— TASK GOAL —
Return exactly the listing's lines, from its first line to the line holding "10 Pack | 10Inch", ends included.

— DATA PROVIDED —
== Segment start ==
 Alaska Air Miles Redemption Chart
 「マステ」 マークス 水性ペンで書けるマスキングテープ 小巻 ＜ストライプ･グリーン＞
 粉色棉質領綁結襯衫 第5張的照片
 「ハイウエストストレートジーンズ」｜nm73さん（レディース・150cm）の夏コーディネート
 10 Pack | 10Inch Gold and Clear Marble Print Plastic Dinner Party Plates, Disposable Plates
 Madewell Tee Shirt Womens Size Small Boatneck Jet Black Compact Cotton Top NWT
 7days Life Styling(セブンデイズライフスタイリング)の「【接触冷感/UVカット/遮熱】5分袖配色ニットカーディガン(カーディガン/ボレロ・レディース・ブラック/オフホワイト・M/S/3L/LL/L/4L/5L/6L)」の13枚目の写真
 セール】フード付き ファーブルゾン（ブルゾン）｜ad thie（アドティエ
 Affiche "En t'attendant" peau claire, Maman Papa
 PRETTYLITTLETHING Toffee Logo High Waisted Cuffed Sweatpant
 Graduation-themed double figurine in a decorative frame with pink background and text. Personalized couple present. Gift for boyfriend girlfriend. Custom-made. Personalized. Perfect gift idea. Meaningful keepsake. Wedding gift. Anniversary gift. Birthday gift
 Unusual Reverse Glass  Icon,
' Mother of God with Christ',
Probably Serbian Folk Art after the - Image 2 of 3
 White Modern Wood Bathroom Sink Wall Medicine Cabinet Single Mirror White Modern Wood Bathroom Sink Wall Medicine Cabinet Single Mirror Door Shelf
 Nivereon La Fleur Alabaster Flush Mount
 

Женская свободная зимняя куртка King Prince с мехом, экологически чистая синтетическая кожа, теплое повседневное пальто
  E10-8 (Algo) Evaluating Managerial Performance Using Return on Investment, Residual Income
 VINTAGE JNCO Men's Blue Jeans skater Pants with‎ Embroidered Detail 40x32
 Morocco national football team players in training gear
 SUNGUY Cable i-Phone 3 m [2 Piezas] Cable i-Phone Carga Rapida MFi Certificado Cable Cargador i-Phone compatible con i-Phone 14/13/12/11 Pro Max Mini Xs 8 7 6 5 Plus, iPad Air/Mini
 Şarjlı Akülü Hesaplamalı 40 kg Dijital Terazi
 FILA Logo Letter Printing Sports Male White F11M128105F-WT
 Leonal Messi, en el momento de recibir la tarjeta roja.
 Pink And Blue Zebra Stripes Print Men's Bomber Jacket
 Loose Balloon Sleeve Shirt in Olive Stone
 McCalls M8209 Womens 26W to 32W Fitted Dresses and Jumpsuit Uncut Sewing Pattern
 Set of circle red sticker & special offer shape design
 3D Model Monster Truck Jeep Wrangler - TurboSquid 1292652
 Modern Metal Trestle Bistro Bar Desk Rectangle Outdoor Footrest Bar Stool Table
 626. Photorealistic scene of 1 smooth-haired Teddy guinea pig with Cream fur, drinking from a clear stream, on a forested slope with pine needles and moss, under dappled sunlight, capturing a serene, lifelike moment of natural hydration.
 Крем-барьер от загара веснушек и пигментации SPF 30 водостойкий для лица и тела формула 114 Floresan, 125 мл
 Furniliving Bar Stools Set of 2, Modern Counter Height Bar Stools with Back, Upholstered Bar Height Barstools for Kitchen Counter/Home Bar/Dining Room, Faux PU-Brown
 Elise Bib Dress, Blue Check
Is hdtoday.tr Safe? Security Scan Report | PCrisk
== Segment end ==
— RESULT FOR THIS EXERCISE —
 Alaska Air Miles Redemption Chart
 「マステ」 マークス 水性ペンで書けるマスキングテープ 小巻 ＜ストライプ･グリーン＞
 粉色棉質領綁結襯衫 第5張的照片
 「ハイウエストストレートジーンズ」｜nm73さん（レディース・150cm）の夏コーディネート
 10 Pack | 10Inch Gold and Clear Marble Print Plastic Dinner Party Plates, Disposable Plates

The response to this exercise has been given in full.